DATA FOR THE TASK:
((

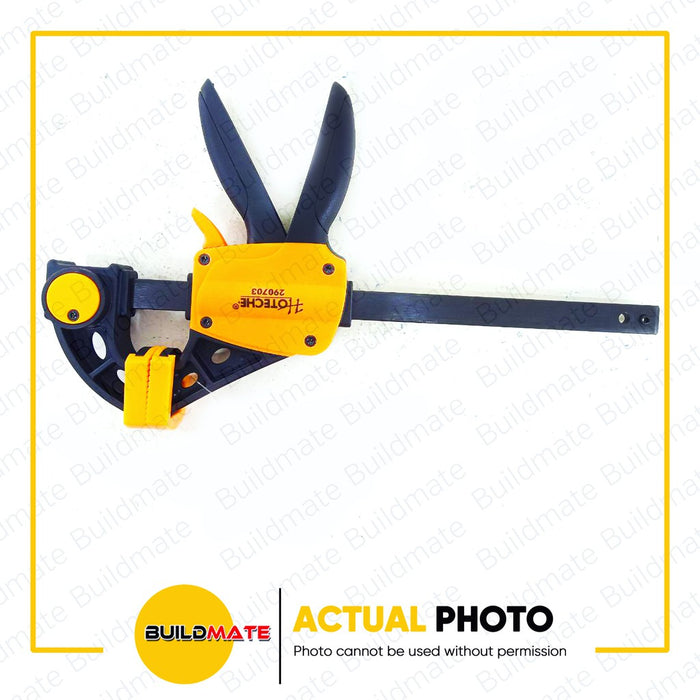 HOTECHE Quick Ratchet Bar Clamp 6 x 63mm •BUILDMATE•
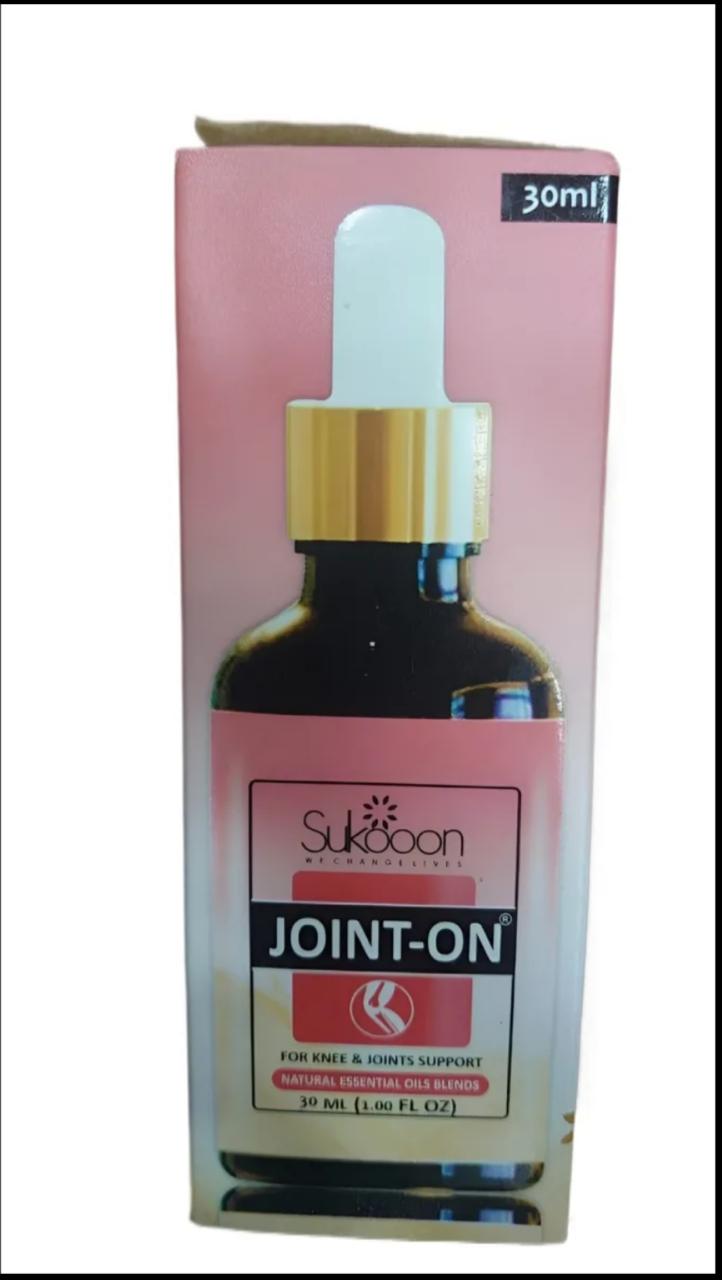 Sukoon Joint On Essential Oil Blend for pain in joints, back pain, arthritis pain, knee pain, tennis elbow, strains and sprains (30ml) - Image 3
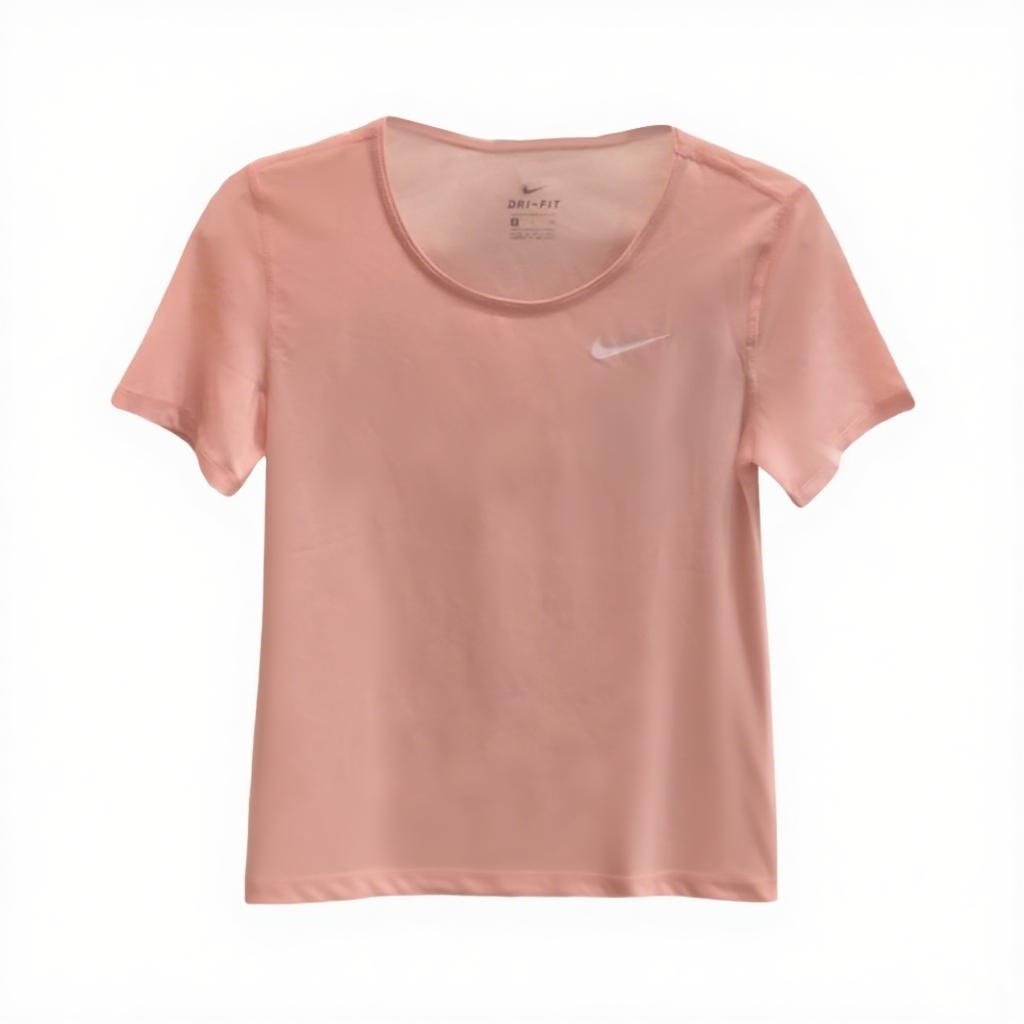 Nike Dri-Fit Quick-Dry Round Neck Sports Short Sleeve Regular T-Shirt Women Tops AT4546-682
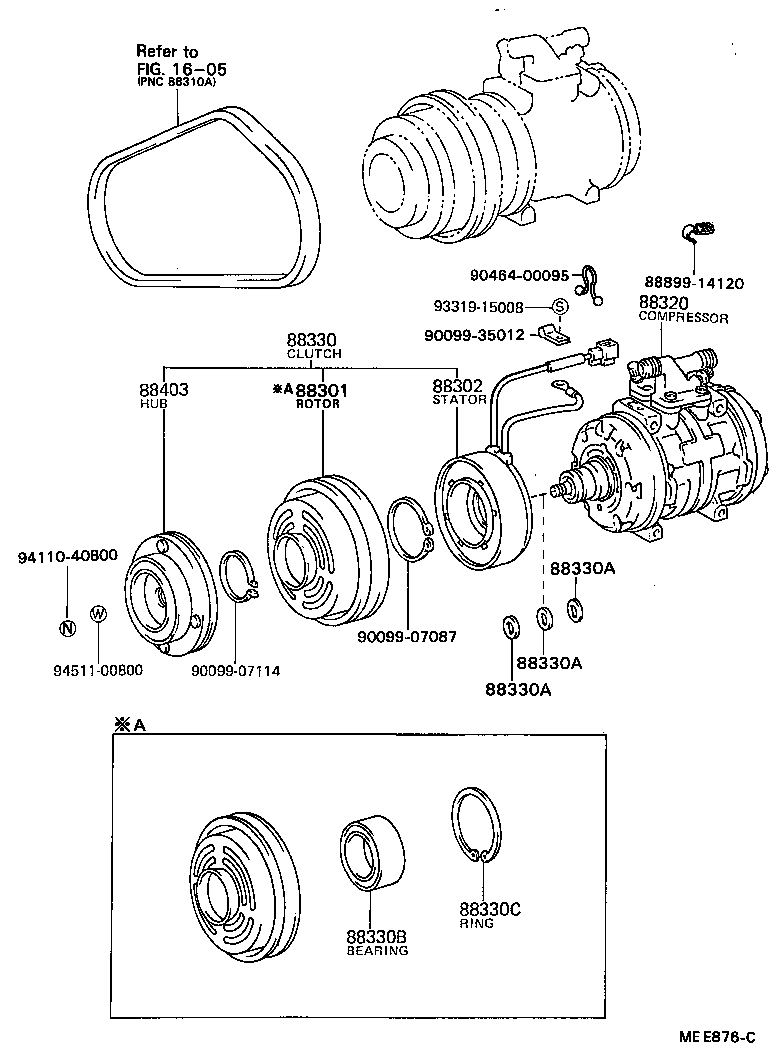 88320-22450 COMPRESSOR ASSY, COOLER product image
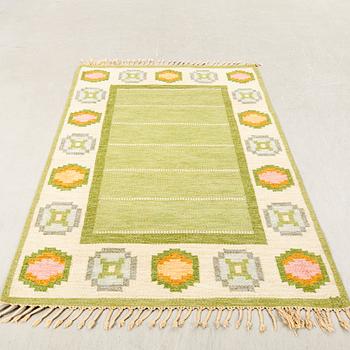 Ingegerd Silow, Matta rölakan signerad ca 203x139 cm.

))

WHAT TO WORK ON: Once the pictures are set aside, write out each record exactly.

ANSWER BOX:
 HOTECHE Quick Ratchet Bar Clamp 6 x 63mm •BUILDMATE•
 Sukoon Joint On Essential Oil Blend for pain in joints, back pain, arthritis pain, knee pain, tennis elbow, strains and sprains (30ml) - Image 3
 Nike Dri-Fit Quick-Dry Round Neck Sports Short Sleeve Regular T-Shirt Women Tops AT4546-682
 88320-22450 COMPRESSOR ASSY, COOLER product image
 Ingegerd Silow, Matta rölakan signerad ca 203x139 cm.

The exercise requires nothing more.